The web undergoes many trends and the surge of mobile users has resulted in 'responsive design', where the website is built to support the varying resolutions and accessibility issues that mobiles and tablets introduce. But should you design for it?
Before the web evolved to be a mobile-heavy platform, you would typically design a website to fit within a standard monitor width and allow the user to scroll vertically. This would allow most of your content to be viewed on a computer. There are still many examples of this on websites today with a fixed width, centred on a page.
When mobiles first became widely used online, most websites still had fixed widths and would require zooming in to read text clearly. To combat this, website designs changed to cope with the drastically smaller screens by matching the website content with the screen - so the larger the screen, the more of the website would squeeze itself into before you had to scroll, all whilst keeping text visible.
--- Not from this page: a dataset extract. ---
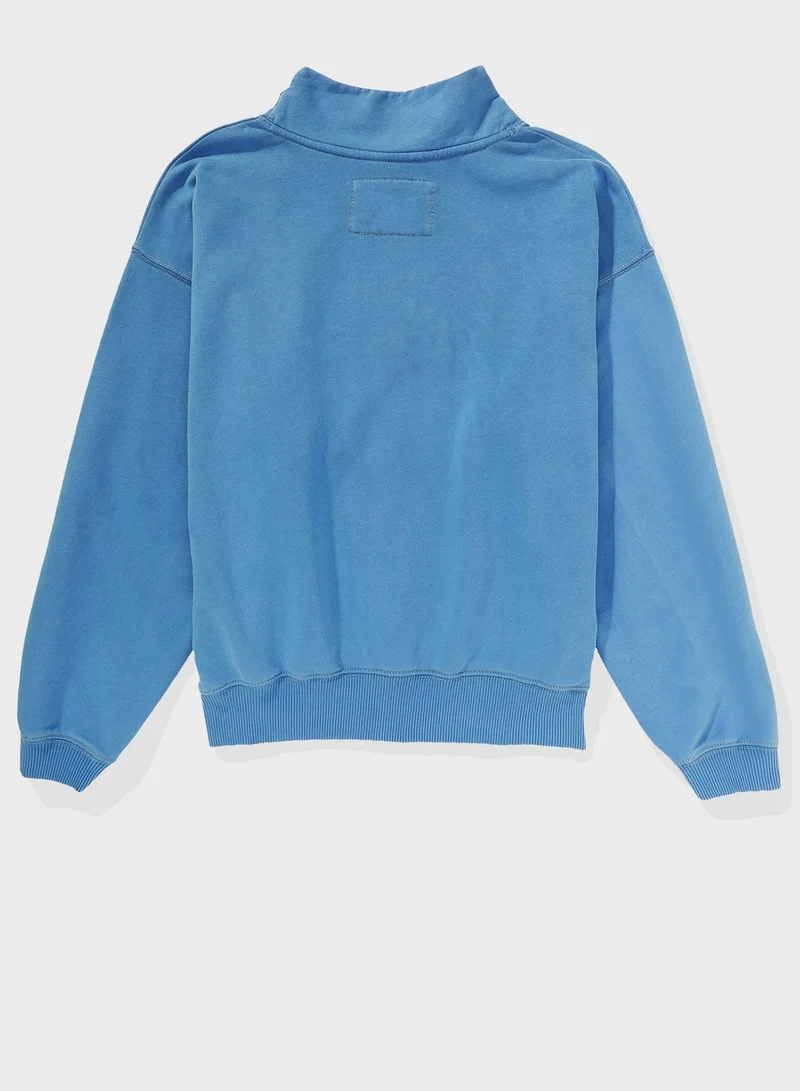 American Eagle Logo Sweatshirt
However, with increasing screen sizes, resolutions and native apps, do you really need to design your website with such restrictions.
The devices to compensate for
The list below details the most popular devices used to connect online to view a website.
- Mobile - typically small 4inch screens - can only fit a couple of paragraphs of text on screen (800 x 480).
- Tablet - typically 7-10inch screens with a resolution of 1024 x 768
- PC - typical resolution of 1280x1024 or higher
- Console - awkward controls, will match the size of the TV, typically 720p (1280 x 720)
If we combine touch and mouse events then only mobiles require special attention if we design a website with at least 800px width. Depending on the website it may be that a mobile app is more suitable than altering the website significantly to cope with the device. If your website is mobile heavy, why not build a design specifically for mobile devices - the result will be more better than making a single responsive design. If you don't care much for mobile users then you just let them zoom like they had to when mobile devices first became used online.